Based on the unique characteristics of TC Fani, the present study is focused on identifying the causative mechanisms or processes promoting the sustained intensification of Fani cyclone for a long time in the ESSC category over the shallow coastal region.

2. Data and Methodology

Model Details and Configuration

The coupled ocean–atmosphere–wave–sediment transport (COAWST) modelling system [14] was utilized for this study. In the present study, the coupled atmosphere–ocean version of the COAWST modelling system was used without the wave model. The COAWST model has been used widely for the simulation of cyclones/hurricanes and associated processes [15,16,17,18].

The atmospheric model Weather Research and Forecasting (WRF) [19] is used in the coupled model systems. It is configured as a fully compressible and non-hydrostatic model with various physical parameterization schemes. The model is used with two nested domains (shown in Figure 2) with a resolution of 9 km and 3 km in the outer and inner domains, respectively. The inner domain is movable that follows the TC vortex. Time steps for WRF domains were 30 s and 10 s for the outer and inner domains, respectively. Except for the planetary boundary layer and the closure scheme, all other parameterizations used in this study are the same as in [18]. In this study, the Mellor–Yamada Nakanishi Niino (MYNN) level 2.5 [20,21,22,23] closure scheme for the planetary boundary layer is used. The atmospheric model WRF was initialized on 29 April 2019 at 00 GMT using initial and boundary conditions from the National Centre for Environmental Prediction (NCEP) Final Analysis (FNL) data with a resolution of 1° × 1° [24]. The lateral boundary conditions were updated at 6 h intervals.

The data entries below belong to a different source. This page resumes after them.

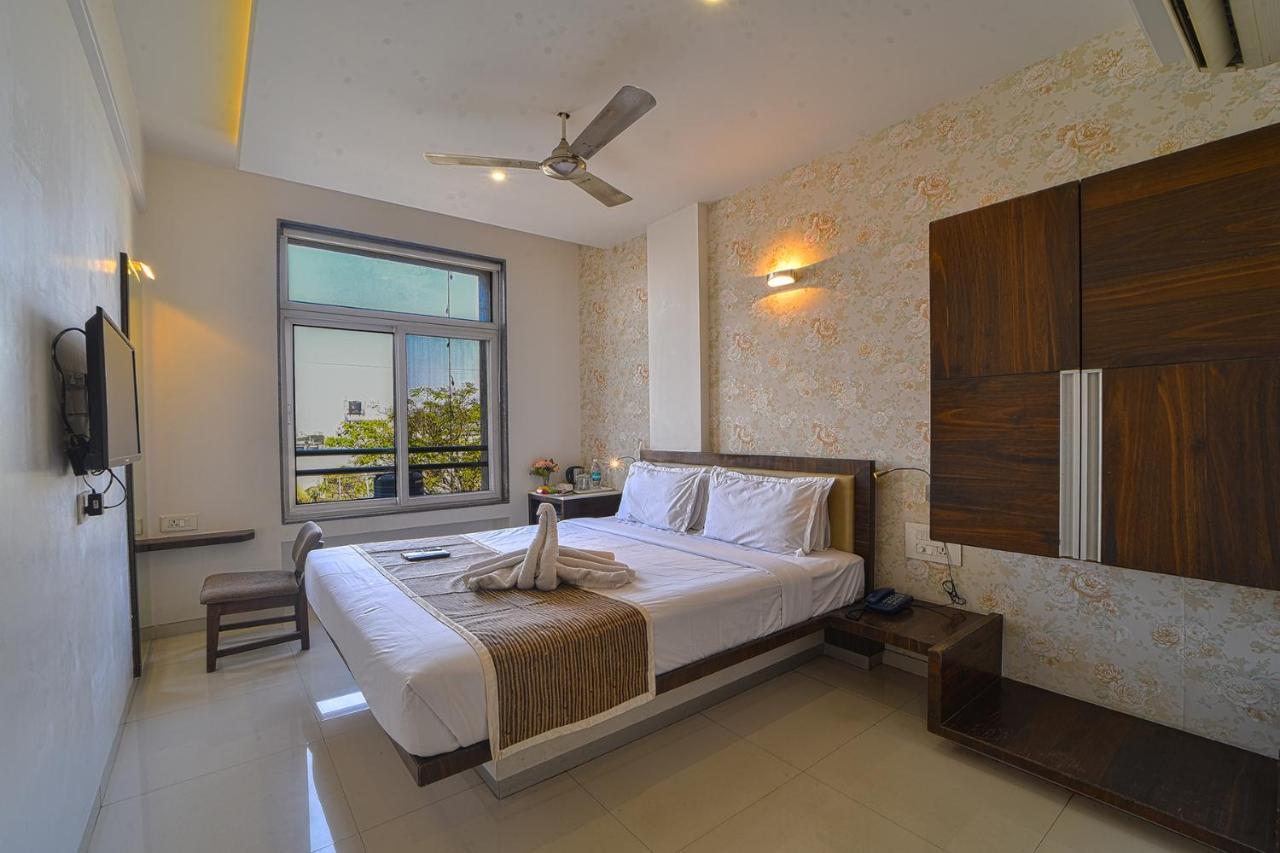 Hotel Sri Sri Executive, Kolhapur Exterior photo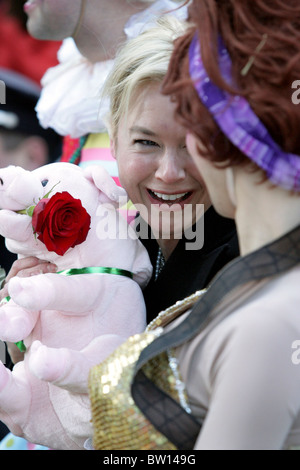 Renee Zellweger als Harvard University Hasty Pudding Club 2009 Woman of the Year ausgezeichnet Stockfoto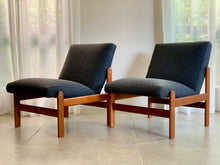 Load image into Gallery viewer, A Pair of Jørgen Bækmark Slipper Chairs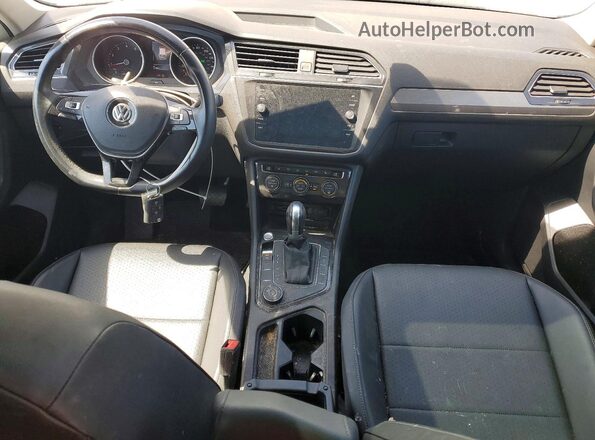 3VV2B7AX1KM124724 2019 VOLKSWAGEN TIGUAN Белый Вид панели приборов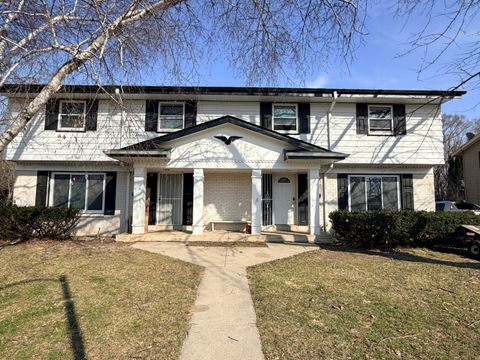 Photo of 6434-6436 N 101st St, Milwaukee, WI 53224 (MLS # 1955183)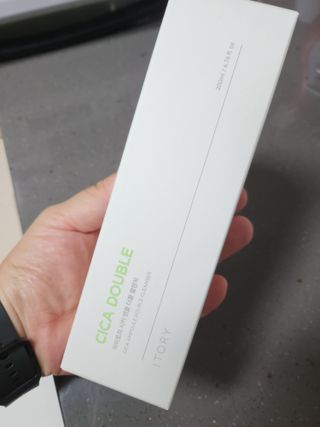 아이토리 시카 앰플 더블 클렌저 — 5점을 준 리뷰어가 2022년 12월 올린 사용 사진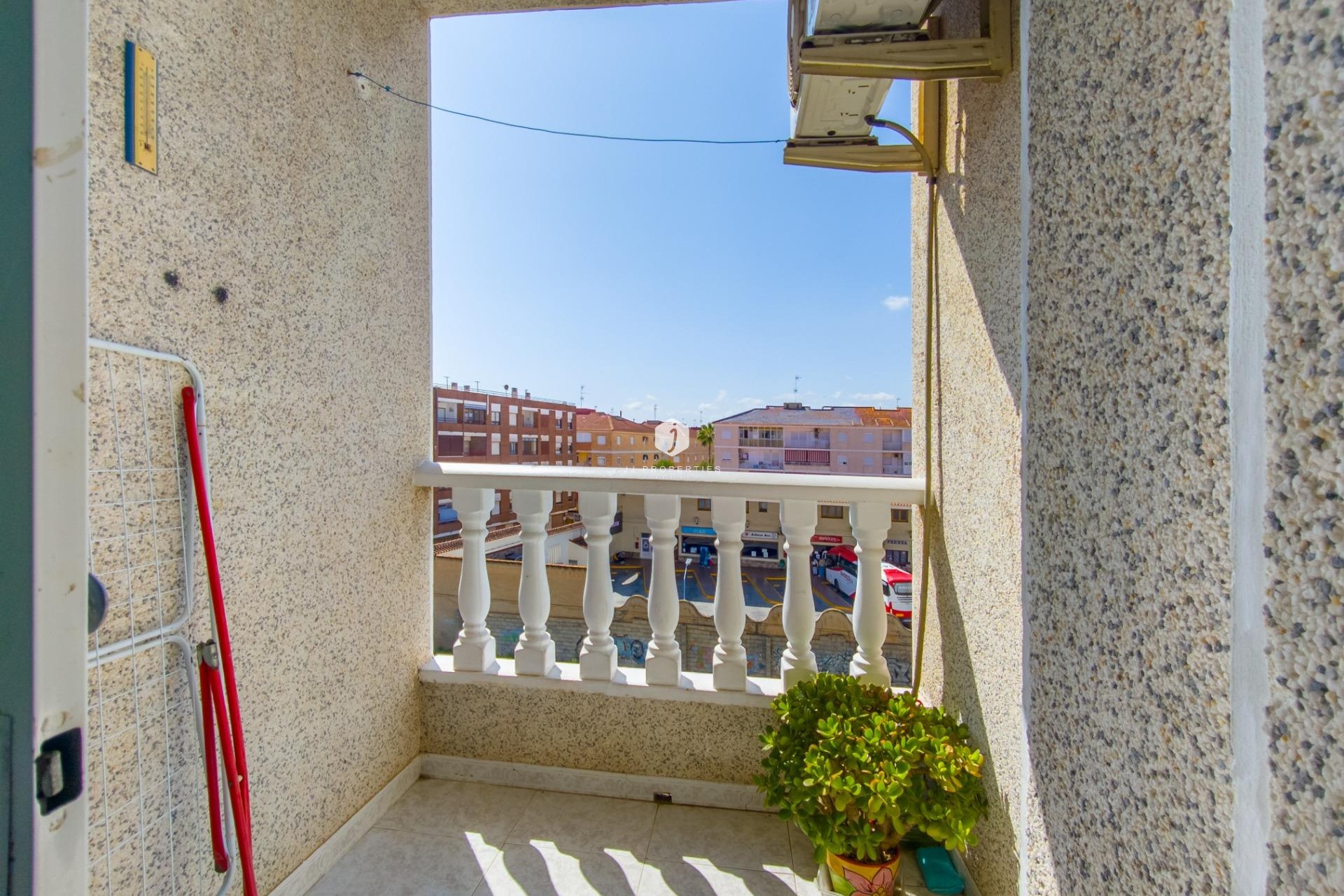 Resale - Apartment / flat -
Torrevieja - Estacion de autobuses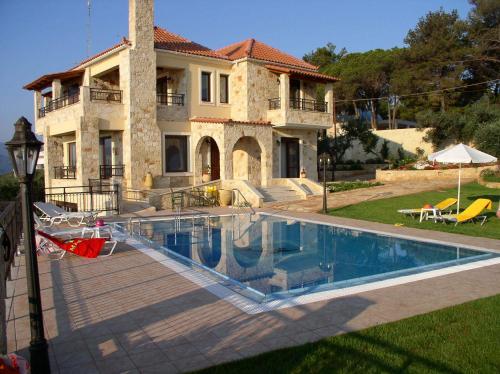 Villa Annaniko — 4-Star Luxury Hotel in Chania, Greece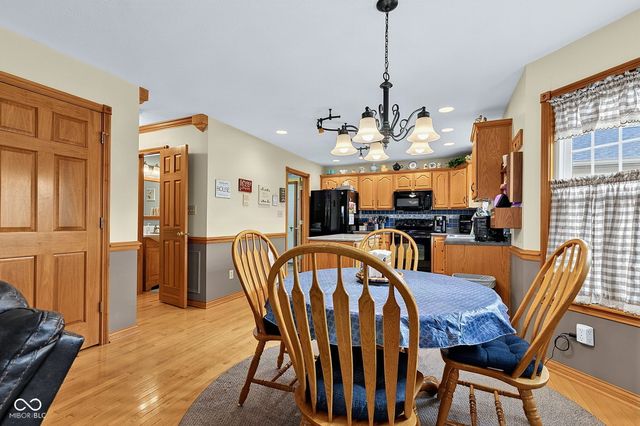 4009 S Loganberry Court, New Palestine, IN 46163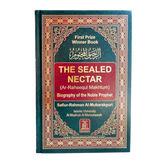 Boek The Sealed Nectar met groene hardcover en islamitische geometrische patronen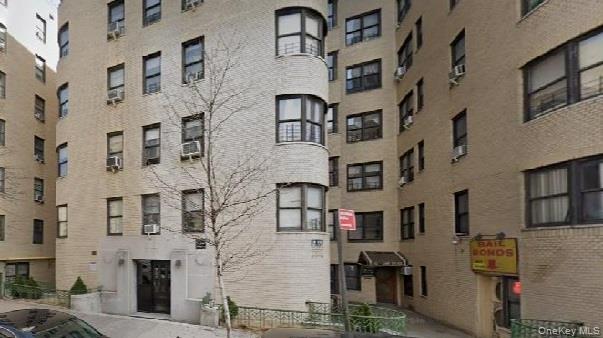 910 Sheridan Avenue E Property Photo 2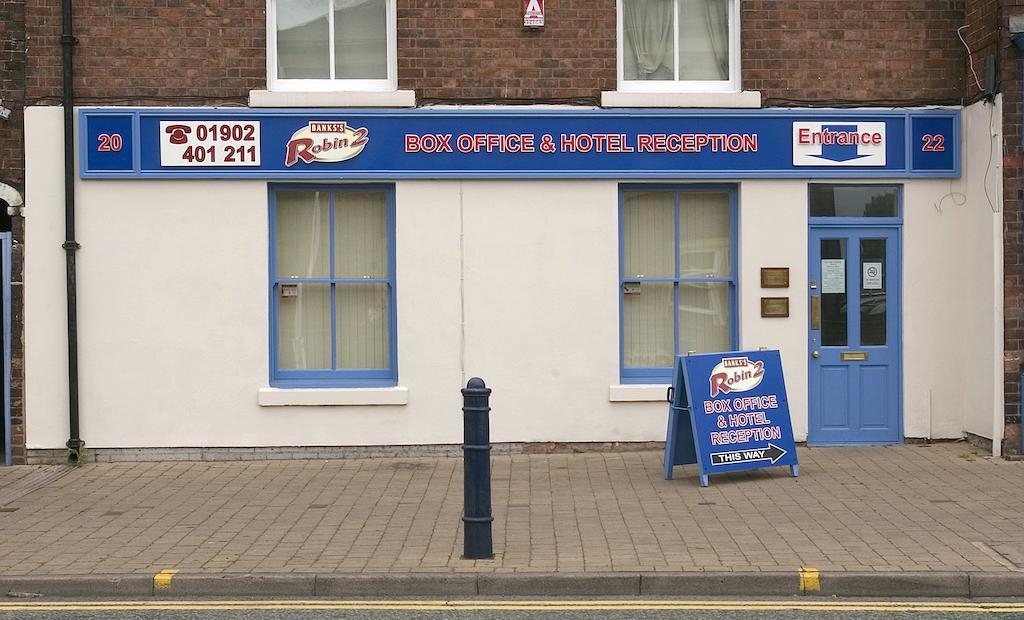 The Robin 2 Hotel Wolverhampton Exterior photo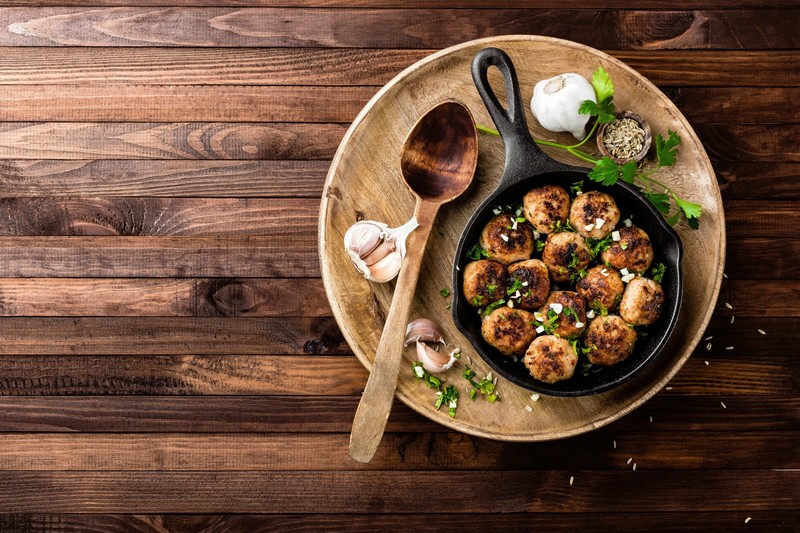 still life, food, wooden surface, spoon, Garlic, meat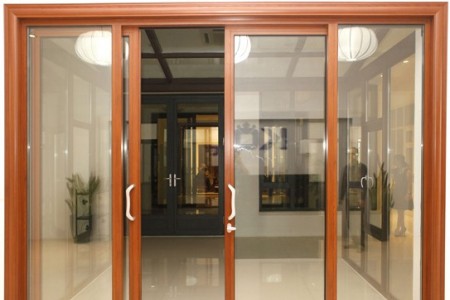 Một số lưu ý khi lắp đặt cửa nhôm kính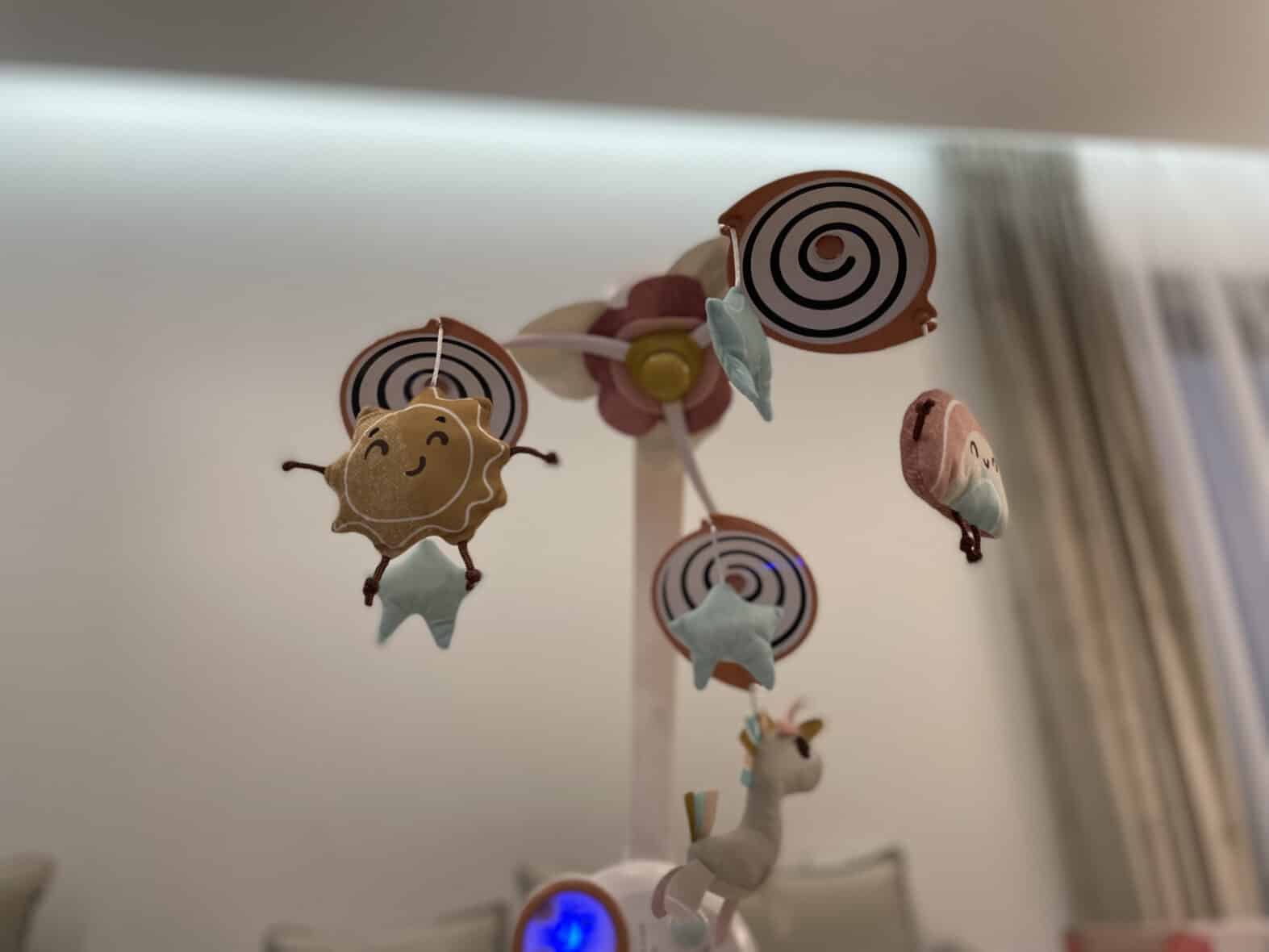 Mobile musical Tiny Love licorne pour lit bébé (3) bebemaman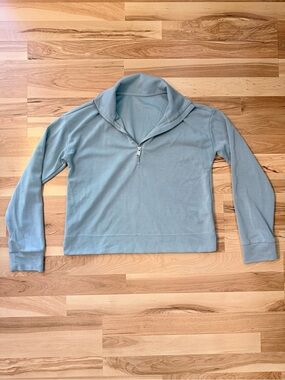Athleta Womens XS Light Blue Cropped Quarter Zip Pullover Athleisure Sporty Chic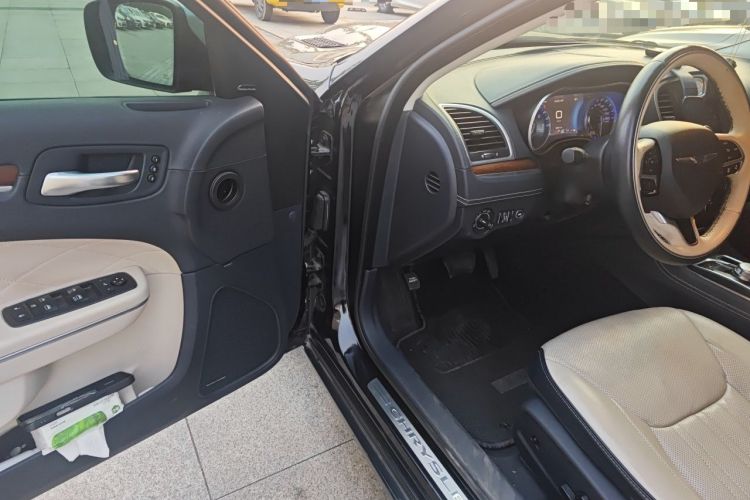 Used Chrysler 300C 2016 3.0L Supreme Edition Driver Seat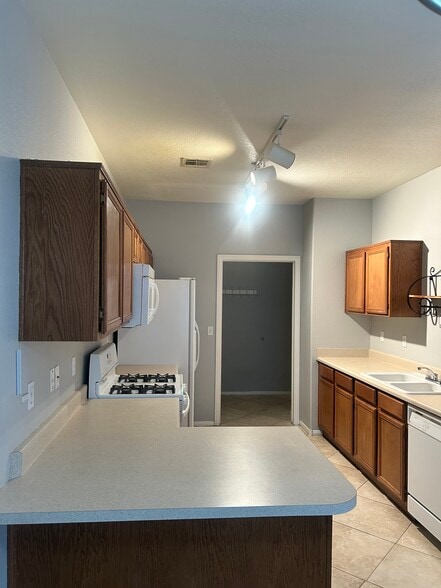 Building Photo - 85 Falcon Feather Way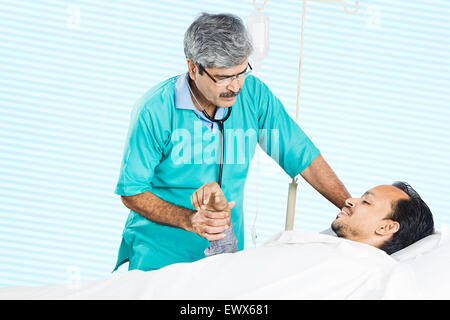 indische Arzt-Patient-Checking Stockfoto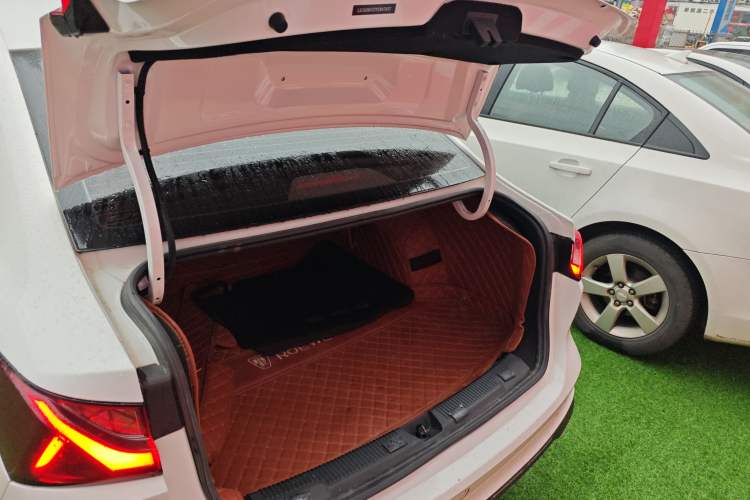 Used Roewe i5 2023 1.5L CVT Luxury Edition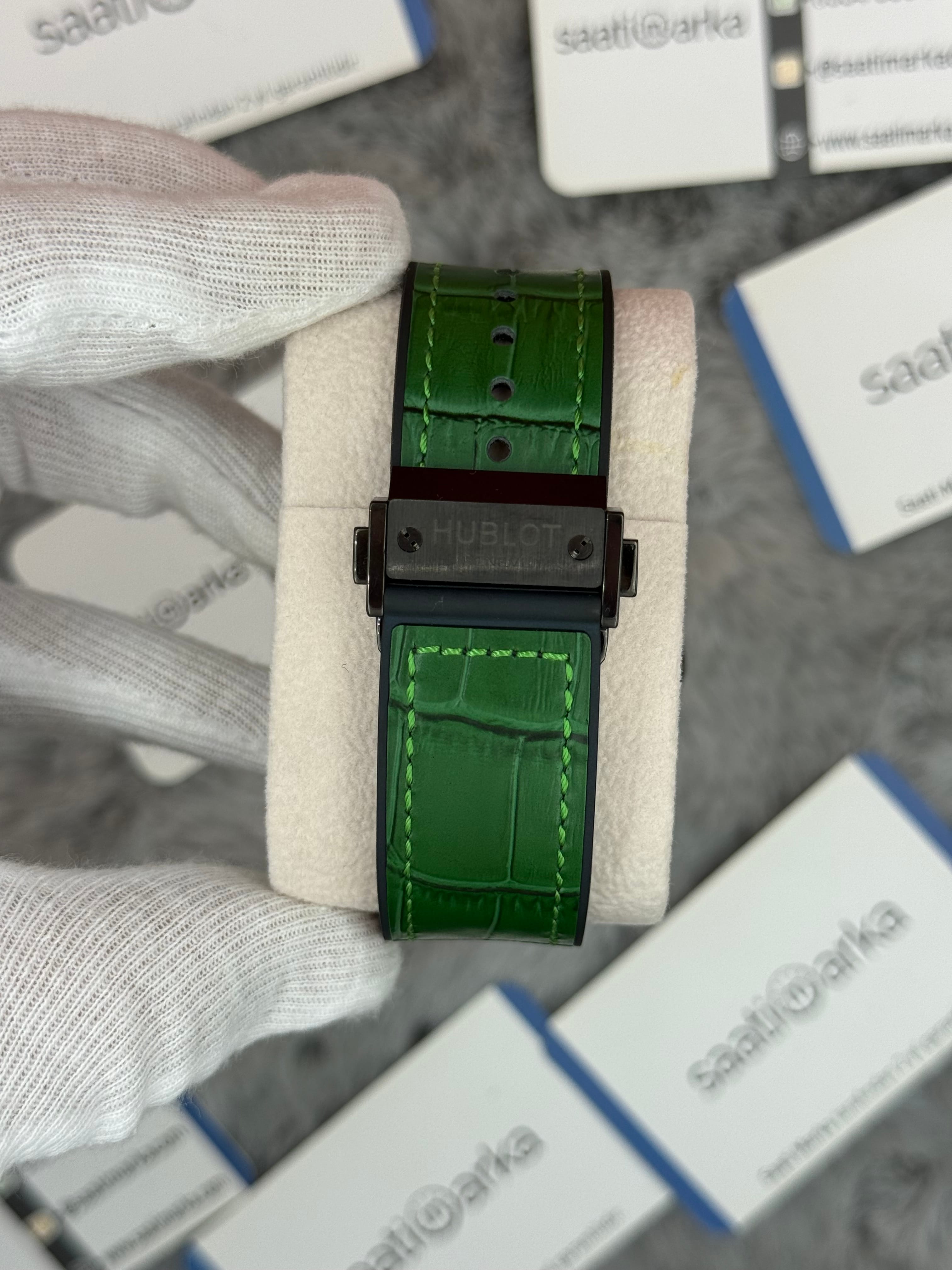 HUBLOT vendome 41mm siyah kasa yeşil kadran yeşil deri kordon erkek kol saati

The ‘Regional Ocean Modeling System’ (ROMS) is utilized as an ocean model in the COAWST system. It is a free surface terrain-following three-dimensional numerical model which solves Reynolds–Averaged Navier–Stokes (RANS) equations using the hydrostatic and Boussinesq assumptions [25,26]. For this study, the horizontal resolution of the ROMS model was 1/24° × 1/24° and a total of 40 vertical sigma levels were used. The remaining parameterization scheme and constant parameters used in the study was the same as in [18]. We provided TPXO7.2 derived all the 13 tidal constituents at the open boundaries. The vertical stretching parameters in the ROMS model are set at θ_s = 7, θ_b = 2. The critical depth (Tcline) is kept as 1 m. The model time steps for baroclinic (slow) and barotropic (fast) simulation were fixed at 20 s and 30 s, respectively. The K-ε turbulence closure model is used for the sub-grid scale vertical mixing. The Generic Length-Scale (GLS) as described by [27] was adopted in the COAWST modelling system by [28]. A model coupling toolkit (MCT) was used to exchange variables among the components of the COAWST modelling system [29,30]. The exchange of the prognostic variables within the model components were made at every 600 s. Further detail of the COAWST modelling system can be found in [14]. The WRF model exchanges variables atmospheric surface pressure, zonal and meridional surface wind, relative humidity, surface air temperature, shortwave and longwave radiation, and cloud and rain rate with the ocean model ROMS at every 10 min interval. At the same time, the ROMS model passes SST information to the WRF model, which helps to improve air–sea heat fluxes in the model. Further details of the exchange of variables in the WRF–ROMS coupled model are provided in [31].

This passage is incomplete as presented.